What can be done? We are not ready for a protracted technological battle against largely unseen antagonists who are determined to undermine the fabric of democracy. And governmental efforts to close down hate-inspired deep fakes have already been stymied by First Amendment and other legitimate concerns. So if production of these deep fakes is unlikely to be curtailed, why ought instead to attack the distribution and amplification of these deceptions by putting political and moral pressure on the intermediaries that broadcast them: the Internet platforms. Unlike those who produce deep fakes — who are mainly invisible — these platforms are highly visible, depend on the public’s willingness to continue to use them, and have proven susceptible to political and social pressure.
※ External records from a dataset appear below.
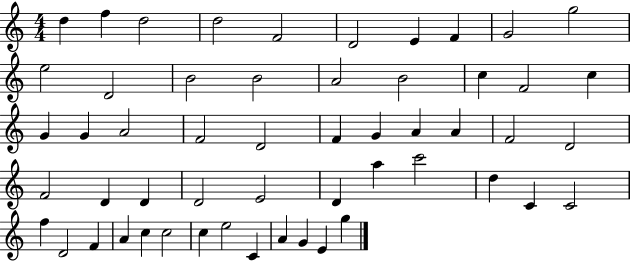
D5/q F5/q D5/h D5/h F4/h D4/h E4/q F4/q G4/h G5/h E5/h D4/h B4/h B4/h A4/h B4/h C5/q F4/h C5/q G4/q G4/q A4/h F4/h D4/h F4/q G4/q A4/q A4/q F4/h D4/h F4/h D4/q D4/q D4/h E4/h D4/q A5/q C6/h D5/q C4/q C4/h F5/q D4/h F4/q A4/q C5/q C5/h C5/q E5/h C4/q A4/q G4/q E4/q G5/q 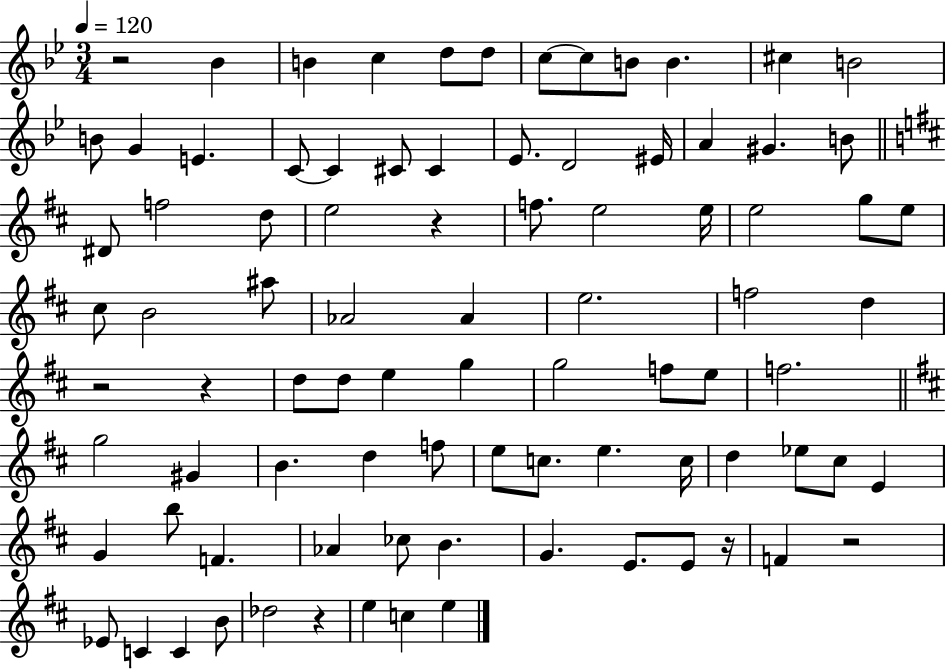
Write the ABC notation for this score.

X:1
T:Untitled
M:3/4
L:1/4
K:Bb
z2 _B B c d/2 d/2 c/2 c/2 B/2 B ^c B2 B/2 G E C/2 C ^C/2 ^C _E/2 D2 ^E/4 A ^G B/2 ^D/2 f2 d/2 e2 z f/2 e2 e/4 e2 g/2 e/2 ^c/2 B2 ^a/2 _A2 _A e2 f2 d z2 z d/2 d/2 e g g2 f/2 e/2 f2 g2 ^G B d f/2 e/2 c/2 e c/4 d _e/2 ^c/2 E G b/2 F _A _c/2 B G E/2 E/2 z/4 F z2 _E/2 C C B/2 _d2 z e c e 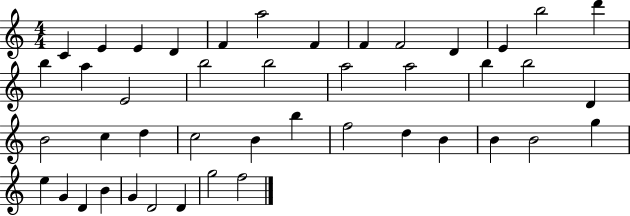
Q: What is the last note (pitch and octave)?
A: F5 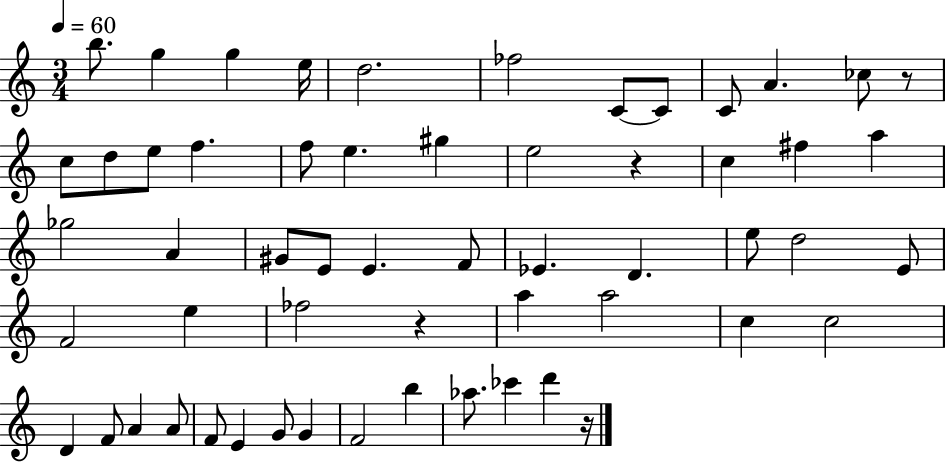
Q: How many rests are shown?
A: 4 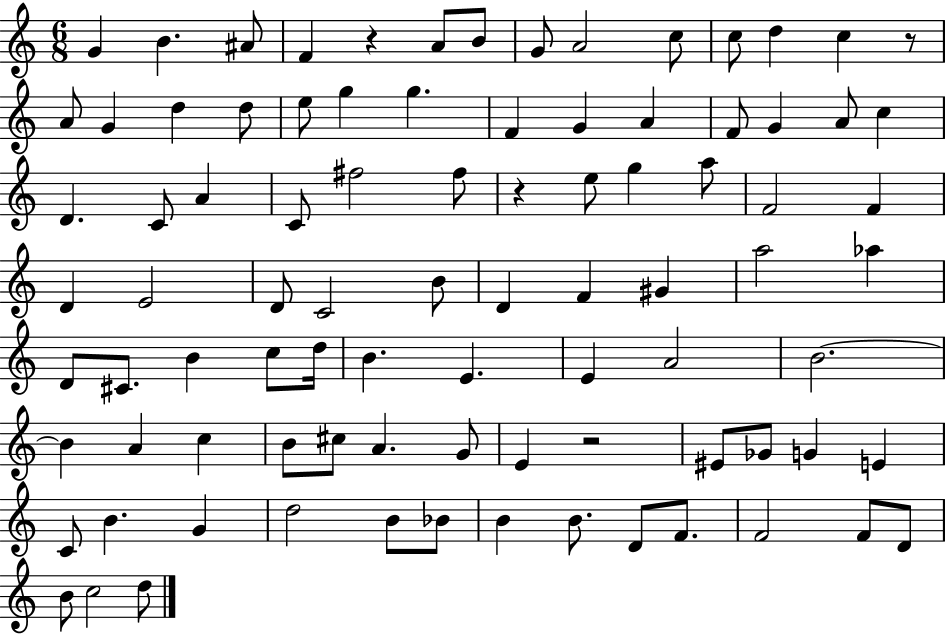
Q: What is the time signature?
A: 6/8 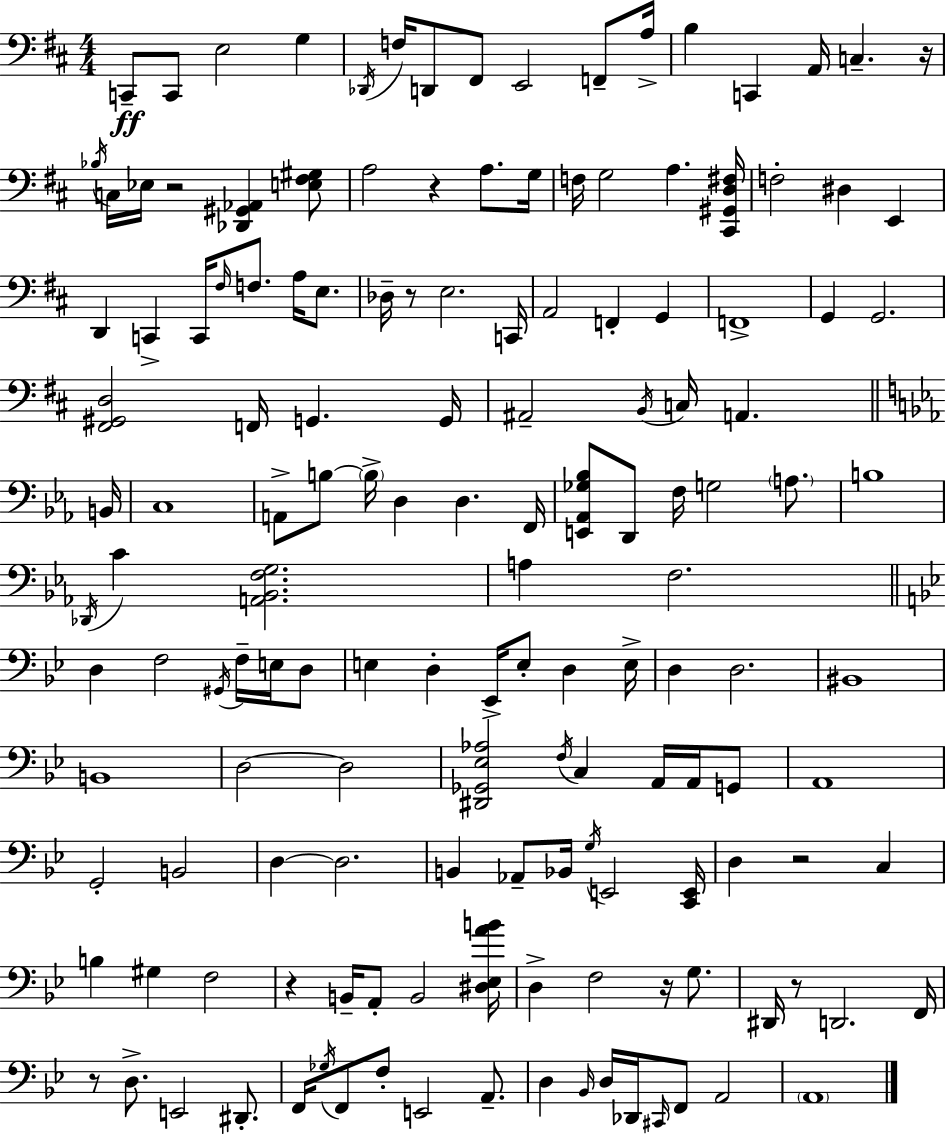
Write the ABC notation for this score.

X:1
T:Untitled
M:4/4
L:1/4
K:D
C,,/2 C,,/2 E,2 G, _D,,/4 F,/4 D,,/2 ^F,,/2 E,,2 F,,/2 A,/4 B, C,, A,,/4 C, z/4 _B,/4 C,/4 _E,/4 z2 [_D,,^G,,_A,,] [E,^F,^G,]/2 A,2 z A,/2 G,/4 F,/4 G,2 A, [^C,,^G,,D,^F,]/4 F,2 ^D, E,, D,, C,, C,,/4 ^F,/4 F,/2 A,/4 E,/2 _D,/4 z/2 E,2 C,,/4 A,,2 F,, G,, F,,4 G,, G,,2 [^F,,^G,,D,]2 F,,/4 G,, G,,/4 ^A,,2 B,,/4 C,/4 A,, B,,/4 C,4 A,,/2 B,/2 B,/4 D, D, F,,/4 [E,,_A,,_G,_B,]/2 D,,/2 F,/4 G,2 A,/2 B,4 _D,,/4 C [A,,_B,,F,G,]2 A, F,2 D, F,2 ^G,,/4 F,/4 E,/4 D,/2 E, D, _E,,/4 E,/2 D, E,/4 D, D,2 ^B,,4 B,,4 D,2 D,2 [^D,,_G,,_E,_A,]2 F,/4 C, A,,/4 A,,/4 G,,/2 A,,4 G,,2 B,,2 D, D,2 B,, _A,,/2 _B,,/4 G,/4 E,,2 [C,,E,,]/4 D, z2 C, B, ^G, F,2 z B,,/4 A,,/2 B,,2 [^D,_E,AB]/4 D, F,2 z/4 G,/2 ^D,,/4 z/2 D,,2 F,,/4 z/2 D,/2 E,,2 ^D,,/2 F,,/4 _G,/4 F,,/2 F,/2 E,,2 A,,/2 D, _B,,/4 D,/4 _D,,/4 ^C,,/4 F,,/2 A,,2 A,,4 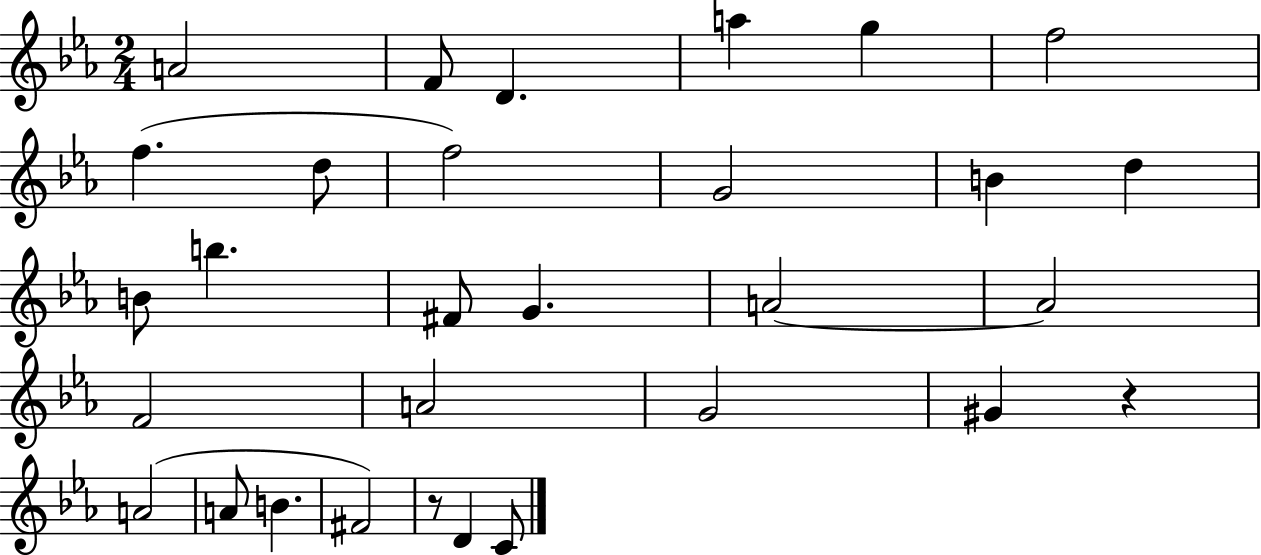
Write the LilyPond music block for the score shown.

{
  \clef treble
  \numericTimeSignature
  \time 2/4
  \key ees \major
  a'2 | f'8 d'4. | a''4 g''4 | f''2 | \break f''4.( d''8 | f''2) | g'2 | b'4 d''4 | \break b'8 b''4. | fis'8 g'4. | a'2~~ | a'2 | \break f'2 | a'2 | g'2 | gis'4 r4 | \break a'2( | a'8 b'4. | fis'2) | r8 d'4 c'8 | \break \bar "|."
} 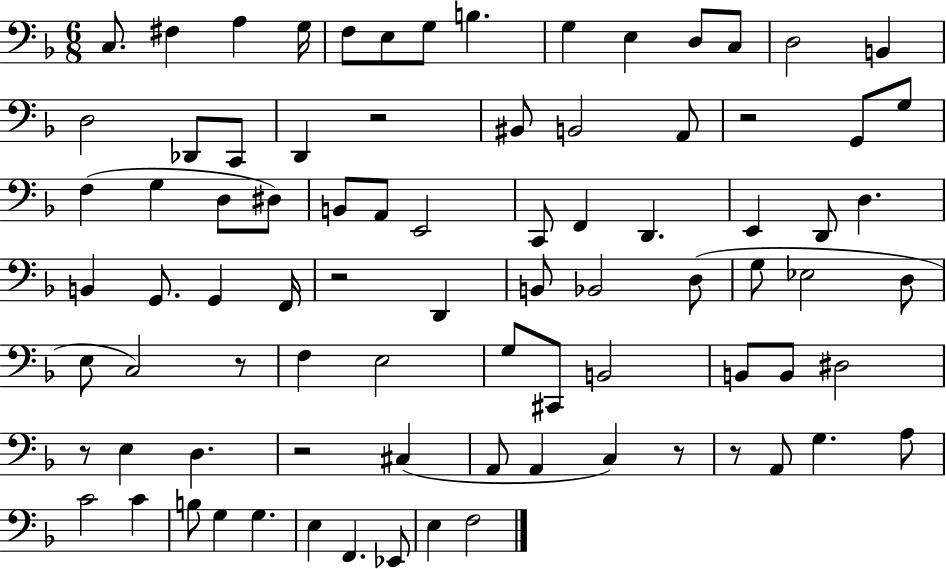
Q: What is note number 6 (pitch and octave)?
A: E3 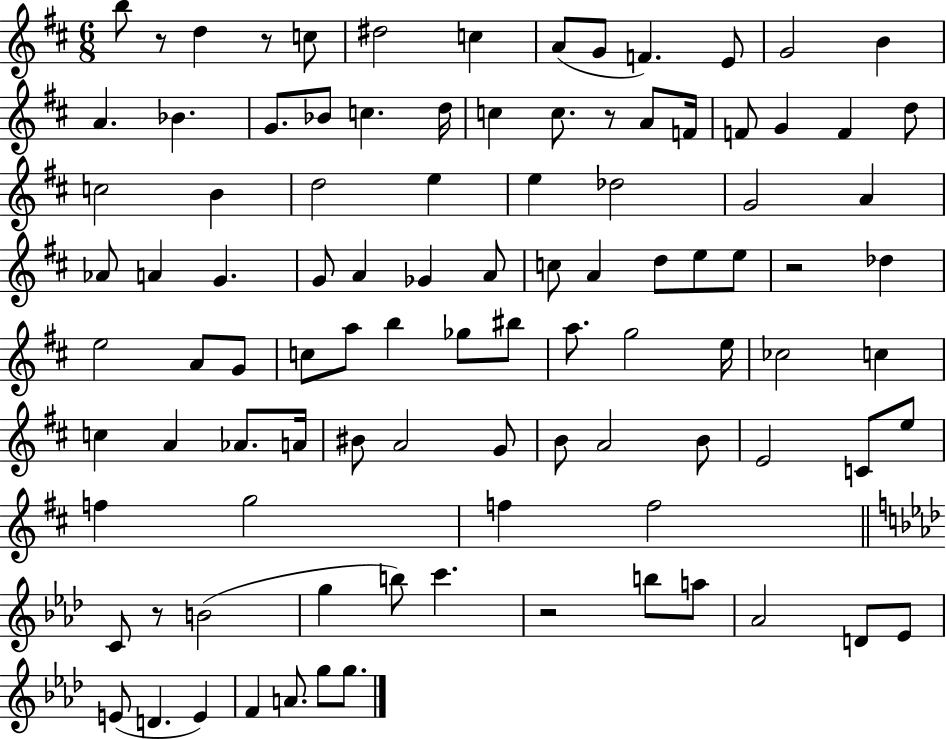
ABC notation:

X:1
T:Untitled
M:6/8
L:1/4
K:D
b/2 z/2 d z/2 c/2 ^d2 c A/2 G/2 F E/2 G2 B A _B G/2 _B/2 c d/4 c c/2 z/2 A/2 F/4 F/2 G F d/2 c2 B d2 e e _d2 G2 A _A/2 A G G/2 A _G A/2 c/2 A d/2 e/2 e/2 z2 _d e2 A/2 G/2 c/2 a/2 b _g/2 ^b/2 a/2 g2 e/4 _c2 c c A _A/2 A/4 ^B/2 A2 G/2 B/2 A2 B/2 E2 C/2 e/2 f g2 f f2 C/2 z/2 B2 g b/2 c' z2 b/2 a/2 _A2 D/2 _E/2 E/2 D E F A/2 g/2 g/2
We may be forgiven for being skeptical that either Congress or the Executive will show great energy in insisting on responsible curating from these deep-pocketed firms — especially as we approach the most expensive election campaign in American history. But where these branches of government have withdrawn, civil society must engage. As ACLU legal director David Cole concluded based on his analysis of the campaigns for marriage equality and for gun rights, these campaigns were “as much about molding public sentiment as shaping laws, as much about working outside the courts as pressing a case within them.” If it is social movement activists working undercover who produce the most notorious deep fakes, only a countermovement operating in the public sphere can defeat them.

Sidney Tarrow is Emeritus Maxwell Upson Professor of Government and Adjunct Professor, Cornell Law School.